太阳从东边的大山后升起,冬日的阳光懒洋洋的。长长的土路像一根曲折的白线,向无穷无尽的远方不断伸展。爷爷坐在摇晃的架子车上,眯着眼睛打盹。身上的老灰布对襟棉袄,黑棉裤黑棉鞋,显得陈旧而沧桑。他的双手拢在袖口里,缩着脖,垂着头。一顶白帽像天上掉下的一朵云,俨然一副蹲在墙根下晒日头的模样。这个镜头我非常熟悉,像刻在脑海之中。
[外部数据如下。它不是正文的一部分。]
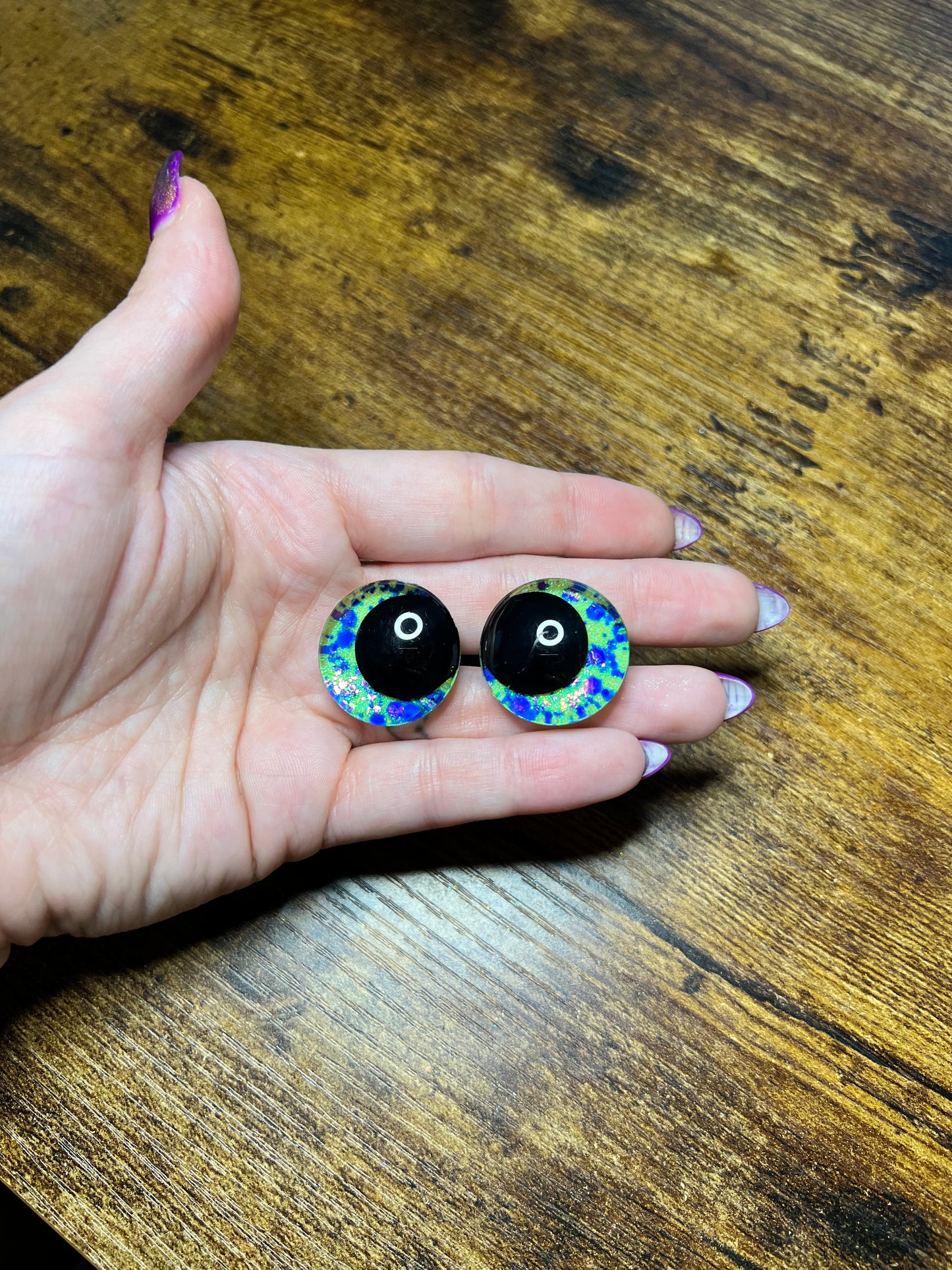 25 mm Kawaii Lime/Purple Safety Eyes (Imperfect)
村子里总有些老人,农闲时,扎成一堆,坐在背风的土墙下晒太阳。冬天的北墙根,是村庄里阳光最多的地方。老人们脸上的皱纹深如沟壑,谁也不知道他们在日光下想些什么,但他们看起来是安宁的。若要问他们,生活是什么,他们也许会说,生活就是犁地放羊,春种秋收,鸡鸣狗叫娃娃吵。

此刻的爷爷,却不能和村子里那些老人一样,坐在墙根下晒太阳。一家人整个冬天的取暖,只靠阳光是解决不了的,需要一车烟煤才能勉强度过。

我是爷爷的长孙,15岁时在离家不远的公社中学读书。恰逢寒假,便跟着拉煤的爷爷出远门。

煤矿离村庄很远,驴车很慢,走出山谷,走过平川,趟过一条覆盖着薄冰的小河,太阳已经移到西边的天空,路照旧在吱咛咛的车轮下,向着更远的远方铺开。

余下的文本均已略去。